>>>

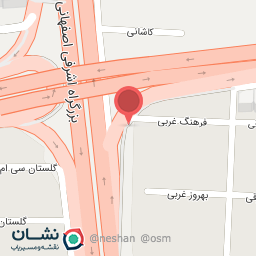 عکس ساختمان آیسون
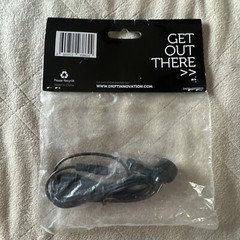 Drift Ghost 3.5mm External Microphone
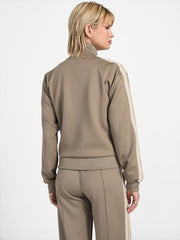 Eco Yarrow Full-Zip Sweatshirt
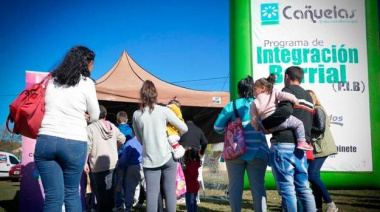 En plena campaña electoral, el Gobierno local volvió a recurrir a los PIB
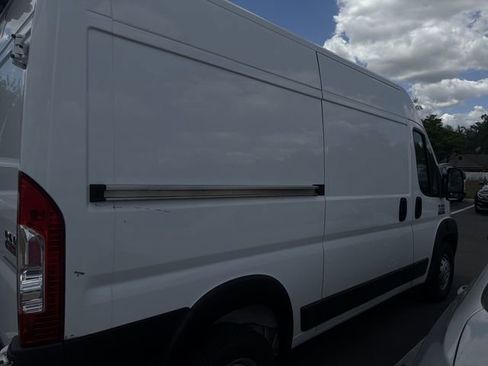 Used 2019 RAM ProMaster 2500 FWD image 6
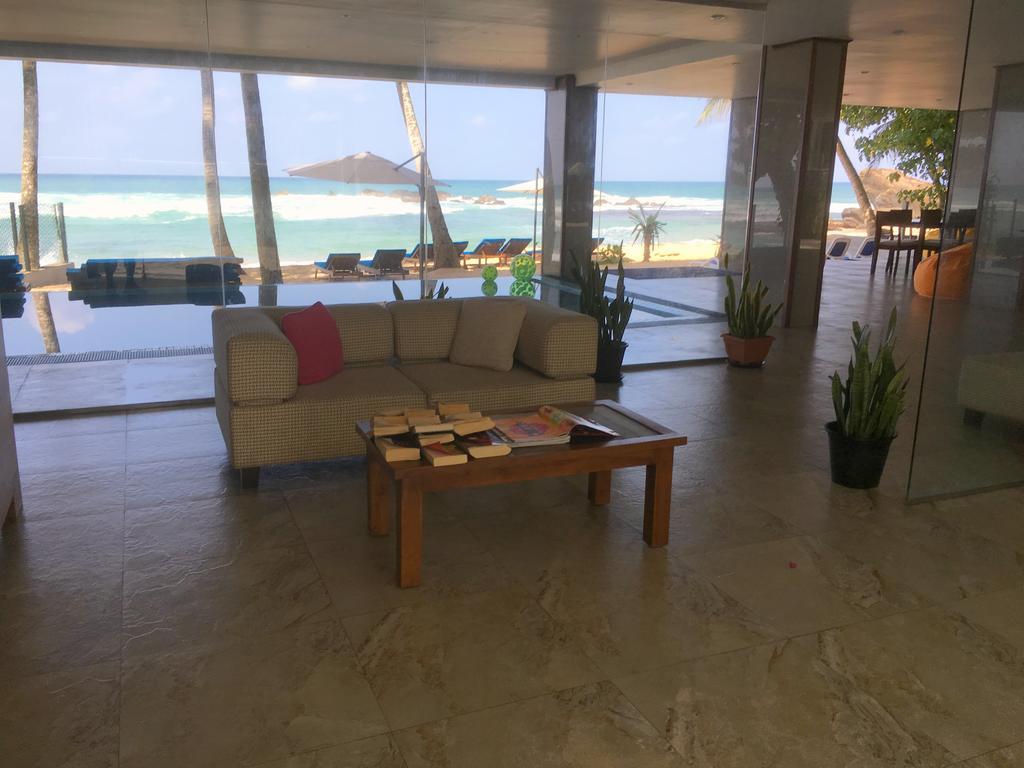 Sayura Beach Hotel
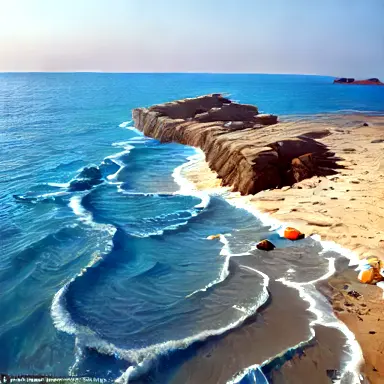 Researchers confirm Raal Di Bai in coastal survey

<<<
>>>

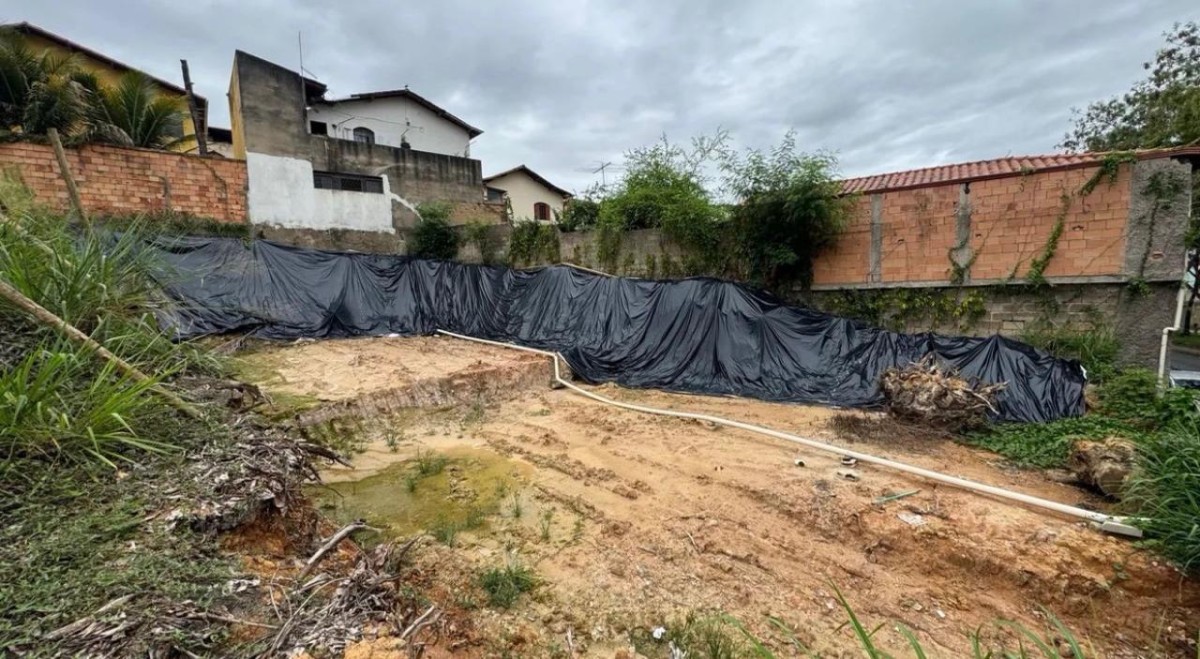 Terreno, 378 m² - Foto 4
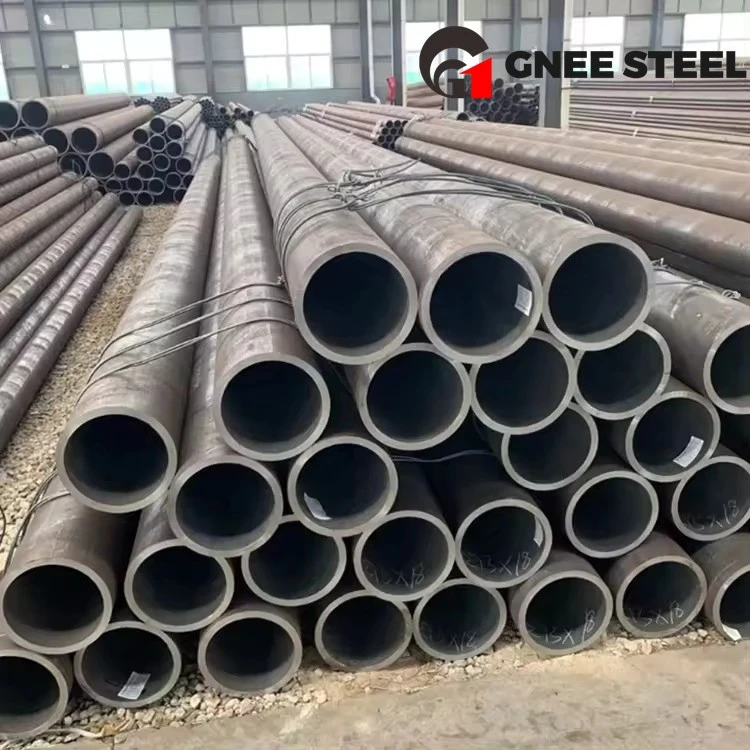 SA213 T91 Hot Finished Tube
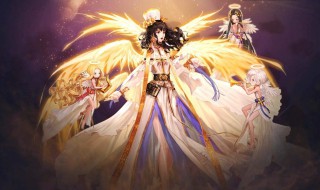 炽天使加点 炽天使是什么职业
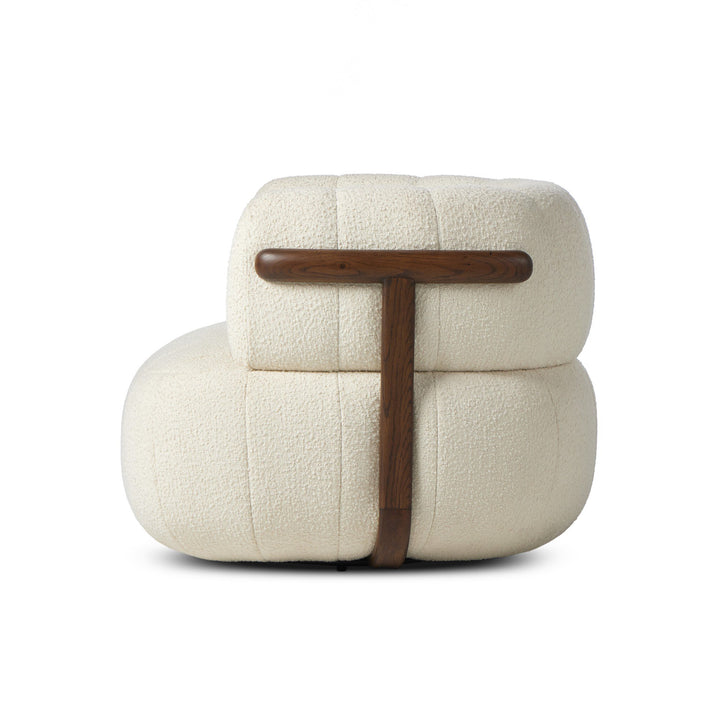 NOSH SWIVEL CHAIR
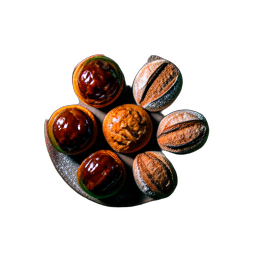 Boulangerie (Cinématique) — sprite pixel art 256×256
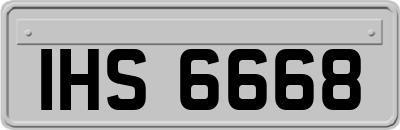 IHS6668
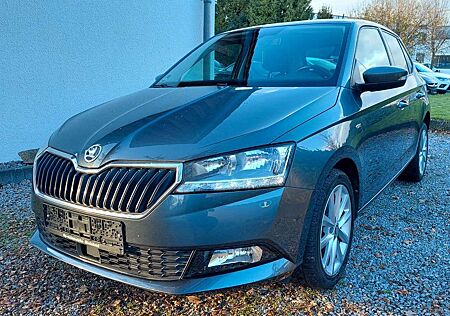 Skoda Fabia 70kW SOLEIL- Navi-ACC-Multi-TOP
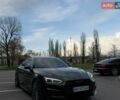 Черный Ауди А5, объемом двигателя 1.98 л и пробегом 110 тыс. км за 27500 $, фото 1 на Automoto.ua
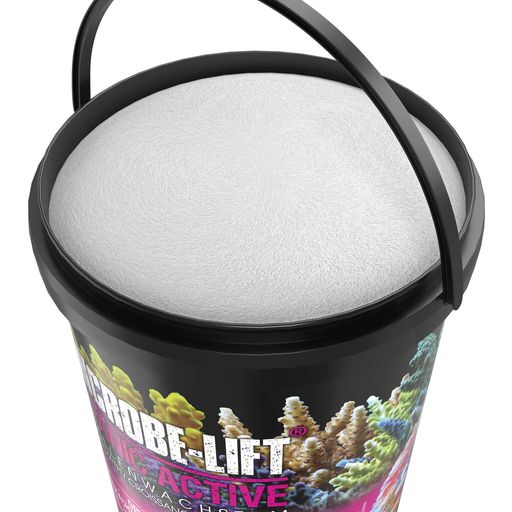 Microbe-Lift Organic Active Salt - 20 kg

<<<
>>>

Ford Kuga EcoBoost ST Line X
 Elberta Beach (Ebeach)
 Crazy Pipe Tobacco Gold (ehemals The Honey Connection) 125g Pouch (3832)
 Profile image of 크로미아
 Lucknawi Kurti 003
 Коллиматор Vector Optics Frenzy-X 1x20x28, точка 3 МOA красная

<<<

▶ EXERCISE: Within the listing above, copy exactly the lines that start at the one with "عکس ساختمان آیسون" and continue through the one with "Researchers confirm Raal". Omit pictures.

▶ SOLUTION TO THE PROBLEM:
 عکس ساختمان آیسون
 Drift Ghost 3.5mm External Microphone
 Eco Yarrow Full-Zip Sweatshirt
 En plena campaña electoral, el Gobierno local volvió a recurrir a los PIB
 Used 2019 RAM ProMaster 2500 FWD image 6
 Sayura Beach Hotel
 Researchers confirm Raal Di Bai in coastal survey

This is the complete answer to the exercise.